Bigger Dreams is full of quality rhymes and big sounds loaded with authentic energy. Mouraine mixes his sessionable flow with a modest bravado, recalling the likes of rap superstars Big Sean or Pusha T, both of whom Mouraine has performed alongside as the opening support on past bills. 

The new EP kicks off with “Badmon,” a dark and bass-heavy single with elements of trap and an earworm chorus. Recorded at Atreus XO with Graham Smith, the production is thoughtful and varied with downtempo tracks that would pair well alongside a light indica hybrid, while others on the album have the potential to get any dance floor moving. Mixed and mastered by the Grammy nominated G.O.O.D Music producer Mike Snell (Kanye West, Teyana Taylor), the tracks pack a professional punch, making groovier songs like the eponymous “Bigger Dreams” vibe comfortably next to J Cole or Mac Miller on your next rap tracks playlist. 

Continuing to build his legacy locally in Edmonton, Mouraine is rising up and out of the prairies. We caught up with him to find out what moves him musically while he highlights some of his favourite emcees who are working alongside him to put the City Of Champs and Alberta as a whole back on the map

When did you decide you wanted to be a rapper? 

When I was going into junior high school, around Grade 7. I used to watch rap videos and BET every day after school and remember wanting to perform like Eminem and 50 Cent.

What kind of music did you listen to growing up?

I listened to a lot of hip-hop, but also what was playing on the radio mostly. I love all types of music though. Music is whatever warms your soul.

How would you describe your style as a rapper?

I think my style as a rapper is very unique because I’m just being myself. I don’t try to rap or fit into a cliche. Like, I made a song about my 1998 Chevy Malibu “Hoopty.” I don’t think a lot of people are willing to do such a thing.

What is the biggest misconception about the rap music scene in Alberta? 

I don’t think it’s a misconception but the rap music scene in Alberta isn’t as acknowledged as it should be, because most people don’t know it exists out here. I see it on a lot of famous artist’s faces. Every time they come here for a concert and it sells out, they are blown away by the culture that is out here.

Who are some emcees in Alberta that we should be paying attention to?

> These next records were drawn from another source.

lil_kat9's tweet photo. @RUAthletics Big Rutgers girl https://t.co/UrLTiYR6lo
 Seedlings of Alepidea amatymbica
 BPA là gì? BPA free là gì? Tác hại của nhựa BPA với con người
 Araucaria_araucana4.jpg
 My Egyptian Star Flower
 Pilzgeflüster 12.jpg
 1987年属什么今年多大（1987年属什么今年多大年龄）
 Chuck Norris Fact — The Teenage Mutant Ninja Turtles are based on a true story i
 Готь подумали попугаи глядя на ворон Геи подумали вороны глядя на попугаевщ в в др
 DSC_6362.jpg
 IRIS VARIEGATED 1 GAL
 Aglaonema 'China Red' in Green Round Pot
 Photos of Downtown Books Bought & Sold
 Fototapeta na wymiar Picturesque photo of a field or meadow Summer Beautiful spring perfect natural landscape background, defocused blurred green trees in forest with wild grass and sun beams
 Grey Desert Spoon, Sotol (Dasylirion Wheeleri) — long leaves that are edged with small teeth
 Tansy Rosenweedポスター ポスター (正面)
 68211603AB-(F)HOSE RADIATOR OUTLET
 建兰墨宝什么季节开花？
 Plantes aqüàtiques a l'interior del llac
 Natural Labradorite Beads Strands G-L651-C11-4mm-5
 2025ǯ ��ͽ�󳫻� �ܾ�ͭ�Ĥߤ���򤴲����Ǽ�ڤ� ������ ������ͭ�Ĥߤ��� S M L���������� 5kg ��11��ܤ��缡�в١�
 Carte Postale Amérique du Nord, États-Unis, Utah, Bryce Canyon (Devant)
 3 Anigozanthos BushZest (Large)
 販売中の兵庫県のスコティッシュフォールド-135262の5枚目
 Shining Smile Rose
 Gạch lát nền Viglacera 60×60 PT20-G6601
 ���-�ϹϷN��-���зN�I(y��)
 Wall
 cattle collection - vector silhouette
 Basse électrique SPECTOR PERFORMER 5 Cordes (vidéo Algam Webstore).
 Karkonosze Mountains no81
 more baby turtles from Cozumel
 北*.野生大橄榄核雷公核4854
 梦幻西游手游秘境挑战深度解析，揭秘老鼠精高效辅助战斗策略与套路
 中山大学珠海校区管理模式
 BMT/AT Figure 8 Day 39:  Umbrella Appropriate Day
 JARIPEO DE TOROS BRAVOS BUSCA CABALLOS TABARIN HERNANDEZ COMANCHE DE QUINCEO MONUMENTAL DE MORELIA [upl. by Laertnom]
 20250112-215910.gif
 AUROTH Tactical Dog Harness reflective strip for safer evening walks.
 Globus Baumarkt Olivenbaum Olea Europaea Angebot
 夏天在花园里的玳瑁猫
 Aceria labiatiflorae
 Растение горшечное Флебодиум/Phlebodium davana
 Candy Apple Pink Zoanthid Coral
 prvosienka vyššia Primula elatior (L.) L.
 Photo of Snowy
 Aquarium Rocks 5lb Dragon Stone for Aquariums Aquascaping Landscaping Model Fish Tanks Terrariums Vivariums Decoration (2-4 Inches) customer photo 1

Arlo Maverick is most likely the most important man in the history of Hip hop in Alberta. Cartel Madras have a unique mix of house and hip-hop that can be played at your local college party and everyone would vibe out. Moto is most likely one of the most talented artists out of Alberta. He is only 22 but can go toe-to-toe with anyone on the A-list. The way DaKidT raps, you can hear his lyrics come directly from the heart. Erick Rush is also super talented. I feel like in the next few years he will be a household name in the Edmonton music scene for sure.